_Instructions for the task:_ Give again, word for word, every line below from the one that has "Ngây ngất biệt" through the one that has "Waist Gathering Black Dress", both included, and no others.

_Source material:_
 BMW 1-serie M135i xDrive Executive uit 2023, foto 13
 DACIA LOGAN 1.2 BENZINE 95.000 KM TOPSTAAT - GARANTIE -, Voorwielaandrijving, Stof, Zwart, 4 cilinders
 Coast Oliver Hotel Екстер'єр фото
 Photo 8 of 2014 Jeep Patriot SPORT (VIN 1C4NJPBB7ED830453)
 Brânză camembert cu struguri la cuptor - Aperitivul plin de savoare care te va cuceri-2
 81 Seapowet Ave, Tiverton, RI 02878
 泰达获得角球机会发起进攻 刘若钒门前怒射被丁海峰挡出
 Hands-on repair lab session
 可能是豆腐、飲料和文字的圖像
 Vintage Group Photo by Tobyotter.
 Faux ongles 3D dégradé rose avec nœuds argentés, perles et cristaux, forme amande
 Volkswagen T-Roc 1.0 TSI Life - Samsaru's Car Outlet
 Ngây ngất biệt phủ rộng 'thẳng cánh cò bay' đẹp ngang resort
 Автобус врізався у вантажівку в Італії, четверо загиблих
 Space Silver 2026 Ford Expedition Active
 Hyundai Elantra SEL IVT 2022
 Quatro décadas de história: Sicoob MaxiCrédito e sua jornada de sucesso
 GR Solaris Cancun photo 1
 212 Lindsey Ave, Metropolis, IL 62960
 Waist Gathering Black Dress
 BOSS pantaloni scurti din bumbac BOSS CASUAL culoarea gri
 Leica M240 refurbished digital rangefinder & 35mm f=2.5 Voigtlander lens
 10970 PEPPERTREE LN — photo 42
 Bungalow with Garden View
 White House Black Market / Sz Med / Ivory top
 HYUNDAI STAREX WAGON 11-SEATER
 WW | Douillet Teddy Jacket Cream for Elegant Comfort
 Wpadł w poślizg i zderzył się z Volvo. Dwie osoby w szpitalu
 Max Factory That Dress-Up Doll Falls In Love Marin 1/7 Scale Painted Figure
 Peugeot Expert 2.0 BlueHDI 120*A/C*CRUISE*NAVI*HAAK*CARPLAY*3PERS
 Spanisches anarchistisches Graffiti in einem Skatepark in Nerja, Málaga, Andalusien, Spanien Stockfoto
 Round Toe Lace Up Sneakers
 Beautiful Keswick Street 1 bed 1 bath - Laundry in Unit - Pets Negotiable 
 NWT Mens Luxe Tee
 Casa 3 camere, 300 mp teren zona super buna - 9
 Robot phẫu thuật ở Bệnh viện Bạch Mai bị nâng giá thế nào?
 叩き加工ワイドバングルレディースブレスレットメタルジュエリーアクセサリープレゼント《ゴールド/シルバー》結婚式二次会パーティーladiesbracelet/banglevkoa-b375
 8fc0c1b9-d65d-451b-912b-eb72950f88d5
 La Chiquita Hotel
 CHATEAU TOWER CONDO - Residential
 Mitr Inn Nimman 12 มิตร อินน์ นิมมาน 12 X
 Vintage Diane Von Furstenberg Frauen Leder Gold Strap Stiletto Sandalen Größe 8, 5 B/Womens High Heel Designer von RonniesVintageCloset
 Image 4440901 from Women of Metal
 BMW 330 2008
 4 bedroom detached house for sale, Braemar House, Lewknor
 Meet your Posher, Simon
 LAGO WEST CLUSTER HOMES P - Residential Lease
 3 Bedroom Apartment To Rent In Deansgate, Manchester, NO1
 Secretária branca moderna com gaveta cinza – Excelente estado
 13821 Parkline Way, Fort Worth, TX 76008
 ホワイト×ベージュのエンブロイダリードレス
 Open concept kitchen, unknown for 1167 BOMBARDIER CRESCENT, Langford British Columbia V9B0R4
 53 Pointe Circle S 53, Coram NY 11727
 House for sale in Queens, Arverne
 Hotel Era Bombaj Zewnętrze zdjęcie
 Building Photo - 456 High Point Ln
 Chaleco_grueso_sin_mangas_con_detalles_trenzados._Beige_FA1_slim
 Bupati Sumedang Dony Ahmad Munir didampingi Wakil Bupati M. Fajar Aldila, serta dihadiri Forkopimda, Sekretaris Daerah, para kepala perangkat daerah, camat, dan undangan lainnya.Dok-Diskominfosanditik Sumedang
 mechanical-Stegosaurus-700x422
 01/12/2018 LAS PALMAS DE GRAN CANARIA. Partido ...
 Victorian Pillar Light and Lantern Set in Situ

_Answer box:_
 Ngây ngất biệt phủ rộng 'thẳng cánh cò bay' đẹp ngang resort
 Автобус врізався у вантажівку в Італії, четверо загиблих
 Space Silver 2026 Ford Expedition Active
 Hyundai Elantra SEL IVT 2022
 Quatro décadas de história: Sicoob MaxiCrédito e sua jornada de sucesso
 GR Solaris Cancun photo 1
 212 Lindsey Ave, Metropolis, IL 62960
 Waist Gathering Black Dress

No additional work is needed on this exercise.